Problem details ::
Within the listing below, filter for "image" and copy every matching line.

Source data ::
· · ·

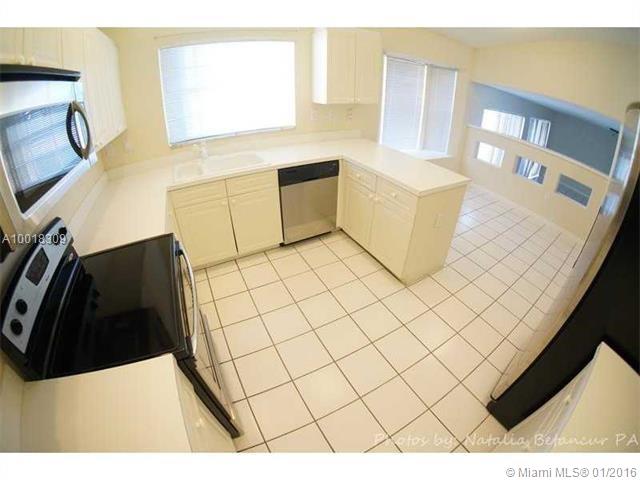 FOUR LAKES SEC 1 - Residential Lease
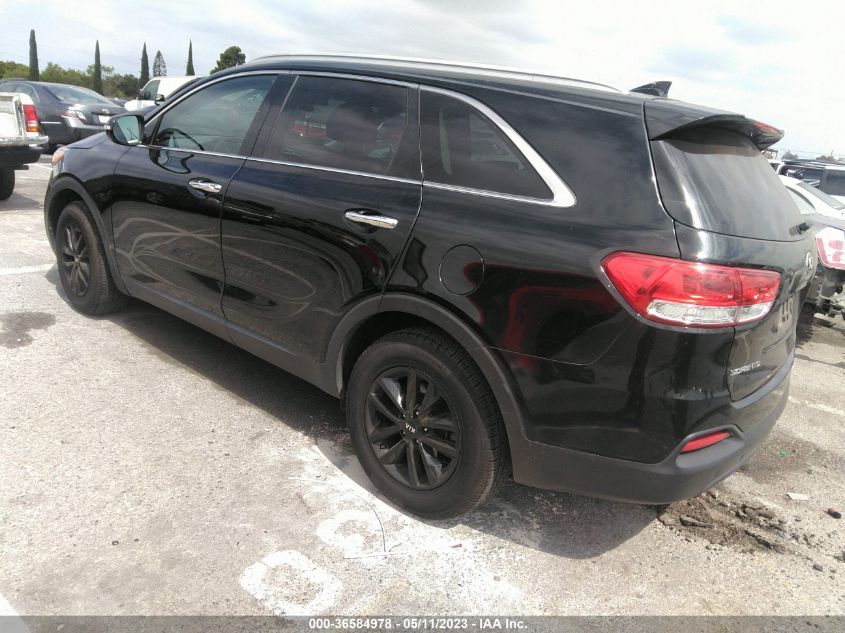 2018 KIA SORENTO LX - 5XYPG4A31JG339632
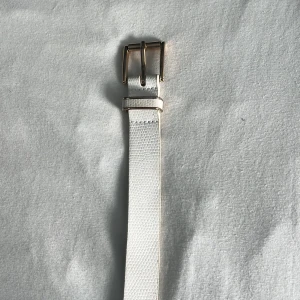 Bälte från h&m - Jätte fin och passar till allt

· · ·

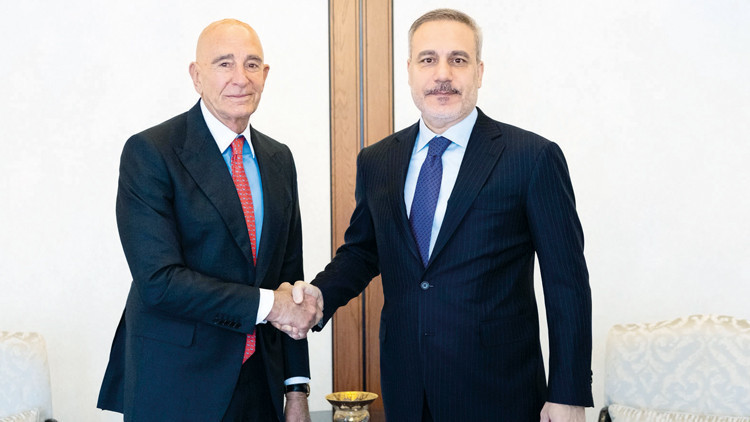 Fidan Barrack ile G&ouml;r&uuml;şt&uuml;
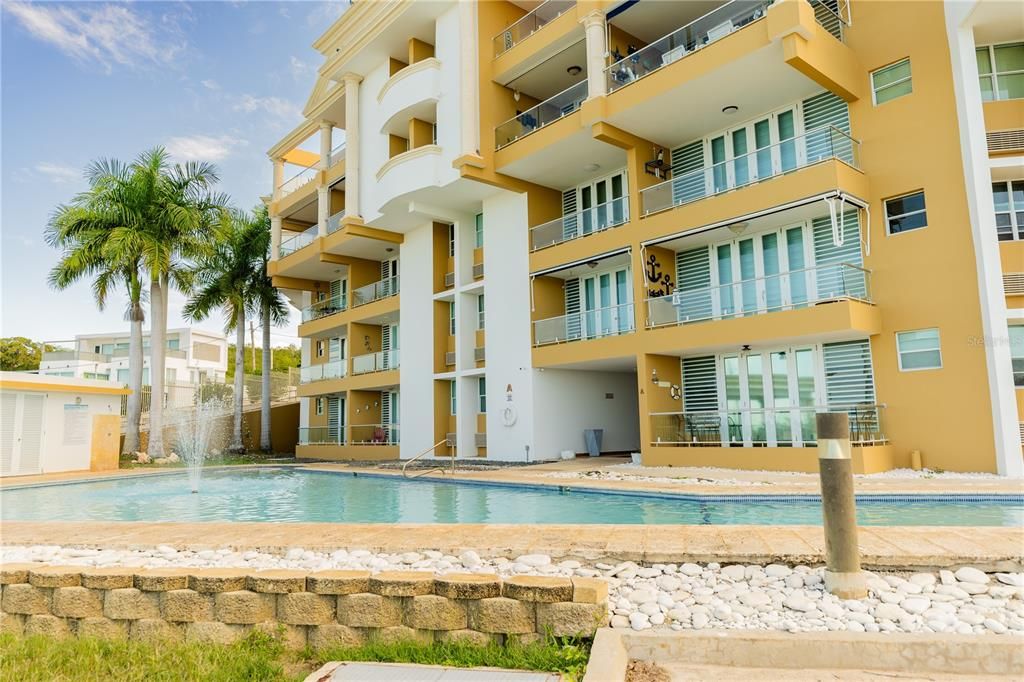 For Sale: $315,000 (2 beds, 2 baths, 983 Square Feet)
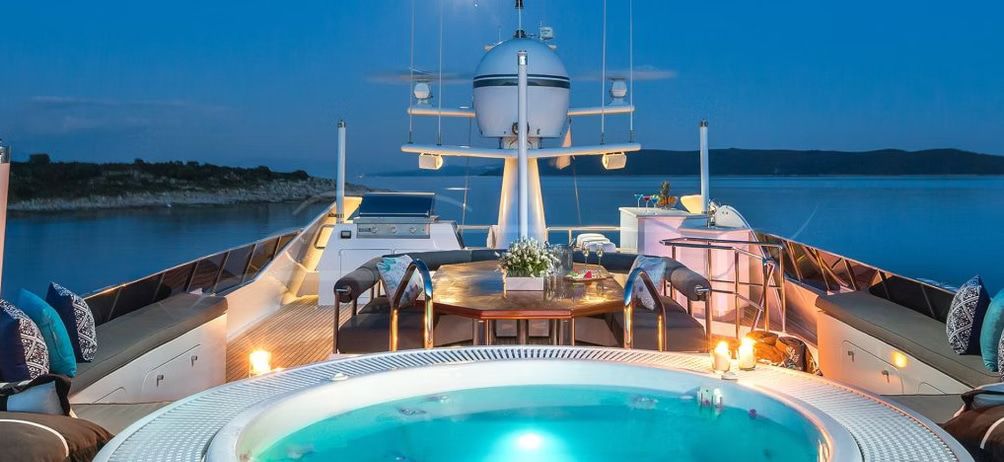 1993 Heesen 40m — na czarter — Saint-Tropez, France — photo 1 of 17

· · ·

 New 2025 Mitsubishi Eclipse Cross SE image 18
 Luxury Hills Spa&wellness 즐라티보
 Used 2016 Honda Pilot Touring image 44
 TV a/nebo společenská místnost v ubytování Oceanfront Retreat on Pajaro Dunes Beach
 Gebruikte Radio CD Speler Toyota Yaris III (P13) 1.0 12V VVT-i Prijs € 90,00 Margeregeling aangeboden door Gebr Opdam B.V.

· · ·

Reply to the task ::
 New 2025 Mitsubishi Eclipse Cross SE image 18
 Used 2016 Honda Pilot Touring image 44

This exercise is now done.